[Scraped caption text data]
++++++++

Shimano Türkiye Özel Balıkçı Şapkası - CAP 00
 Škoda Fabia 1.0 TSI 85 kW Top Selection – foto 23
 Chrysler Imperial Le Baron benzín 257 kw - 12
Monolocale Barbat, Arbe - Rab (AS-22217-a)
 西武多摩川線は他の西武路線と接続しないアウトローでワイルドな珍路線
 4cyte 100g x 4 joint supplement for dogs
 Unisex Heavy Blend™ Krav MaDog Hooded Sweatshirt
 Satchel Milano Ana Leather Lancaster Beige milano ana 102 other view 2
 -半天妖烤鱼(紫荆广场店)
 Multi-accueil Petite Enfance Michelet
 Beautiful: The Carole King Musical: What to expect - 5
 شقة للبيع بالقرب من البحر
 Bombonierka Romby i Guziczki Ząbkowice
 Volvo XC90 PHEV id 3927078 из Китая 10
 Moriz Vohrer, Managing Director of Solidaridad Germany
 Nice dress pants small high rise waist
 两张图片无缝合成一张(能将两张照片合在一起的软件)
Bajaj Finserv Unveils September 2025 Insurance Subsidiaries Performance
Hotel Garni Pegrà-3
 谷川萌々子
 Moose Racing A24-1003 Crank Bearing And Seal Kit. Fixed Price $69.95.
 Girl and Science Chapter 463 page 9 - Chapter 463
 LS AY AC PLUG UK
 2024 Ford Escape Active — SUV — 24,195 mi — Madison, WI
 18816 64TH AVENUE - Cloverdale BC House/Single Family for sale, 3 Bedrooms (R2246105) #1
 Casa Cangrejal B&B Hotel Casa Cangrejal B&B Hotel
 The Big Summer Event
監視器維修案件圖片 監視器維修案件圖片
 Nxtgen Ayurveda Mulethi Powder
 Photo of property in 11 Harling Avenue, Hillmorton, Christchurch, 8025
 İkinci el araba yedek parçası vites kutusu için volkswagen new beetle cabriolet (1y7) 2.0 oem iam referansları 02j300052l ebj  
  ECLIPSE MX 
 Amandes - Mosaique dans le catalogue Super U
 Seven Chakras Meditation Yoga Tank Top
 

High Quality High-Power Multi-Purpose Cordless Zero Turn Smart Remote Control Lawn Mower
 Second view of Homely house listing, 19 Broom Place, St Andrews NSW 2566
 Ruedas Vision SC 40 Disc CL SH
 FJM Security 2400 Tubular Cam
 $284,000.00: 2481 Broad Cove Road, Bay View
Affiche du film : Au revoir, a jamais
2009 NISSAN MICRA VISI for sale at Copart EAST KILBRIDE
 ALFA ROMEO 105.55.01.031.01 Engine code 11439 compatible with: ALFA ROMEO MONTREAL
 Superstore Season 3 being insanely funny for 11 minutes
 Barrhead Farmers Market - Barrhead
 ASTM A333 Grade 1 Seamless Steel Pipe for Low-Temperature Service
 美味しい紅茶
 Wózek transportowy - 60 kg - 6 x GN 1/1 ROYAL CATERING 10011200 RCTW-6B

++++++++

TASK DIRECTIONS » Transcribe the data above in full, exactly as it appears.

OUTPUT OF THE TASK »
Shimano Türkiye Özel Balıkçı Şapkası - CAP 00
 Škoda Fabia 1.0 TSI 85 kW Top Selection – foto 23
 Chrysler Imperial Le Baron benzín 257 kw - 12
Monolocale Barbat, Arbe - Rab (AS-22217-a)
 西武多摩川線は他の西武路線と接続しないアウトローでワイルドな珍路線
 4cyte 100g x 4 joint supplement for dogs
 Unisex Heavy Blend™ Krav MaDog Hooded Sweatshirt
 Satchel Milano Ana Leather Lancaster Beige milano ana 102 other view 2
 -半天妖烤鱼(紫荆广场店)
 Multi-accueil Petite Enfance Michelet
 Beautiful: The Carole King Musical: What to expect - 5
 شقة للبيع بالقرب من البحر
 Bombonierka Romby i Guziczki Ząbkowice
 Volvo XC90 PHEV id 3927078 из Китая 10
 Moriz Vohrer, Managing Director of Solidaridad Germany
 Nice dress pants small high rise waist
 两张图片无缝合成一张(能将两张照片合在一起的软件)
Bajaj Finserv Unveils September 2025 Insurance Subsidiaries Performance
Hotel Garni Pegrà-3
 谷川萌々子
 Moose Racing A24-1003 Crank Bearing And Seal Kit. Fixed Price $69.95.
 Girl and Science Chapter 463 page 9 - Chapter 463
 LS AY AC PLUG UK
 2024 Ford Escape Active — SUV — 24,195 mi — Madison, WI
 18816 64TH AVENUE - Cloverdale BC House/Single Family for sale, 3 Bedrooms (R2246105) #1
 Casa Cangrejal B&B Hotel Casa Cangrejal B&B Hotel
 The Big Summer Event
監視器維修案件圖片 監視器維修案件圖片
 Nxtgen Ayurveda Mulethi Powder
 Photo of property in 11 Harling Avenue, Hillmorton, Christchurch, 8025
 İkinci el araba yedek parçası vites kutusu için volkswagen new beetle cabriolet (1y7) 2.0 oem iam referansları 02j300052l ebj  
  ECLIPSE MX 
 Amandes - Mosaique dans le catalogue Super U
 Seven Chakras Meditation Yoga Tank Top
 

High Quality High-Power Multi-Purpose Cordless Zero Turn Smart Remote Control Lawn Mower
 Second view of Homely house listing, 19 Broom Place, St Andrews NSW 2566
 Ruedas Vision SC 40 Disc CL SH
 FJM Security 2400 Tubular Cam
 $284,000.00: 2481 Broad Cove Road, Bay View
Affiche du film : Au revoir, a jamais
2009 NISSAN MICRA VISI for sale at Copart EAST KILBRIDE
 ALFA ROMEO 105.55.01.031.01 Engine code 11439 compatible with: ALFA ROMEO MONTREAL
 Superstore Season 3 being insanely funny for 11 minutes
 Barrhead Farmers Market - Barrhead
 ASTM A333 Grade 1 Seamless Steel Pipe for Low-Temperature Service
 美味しい紅茶
 Wózek transportowy - 60 kg - 6 x GN 1/1 ROYAL CATERING 10011200 RCTW-6B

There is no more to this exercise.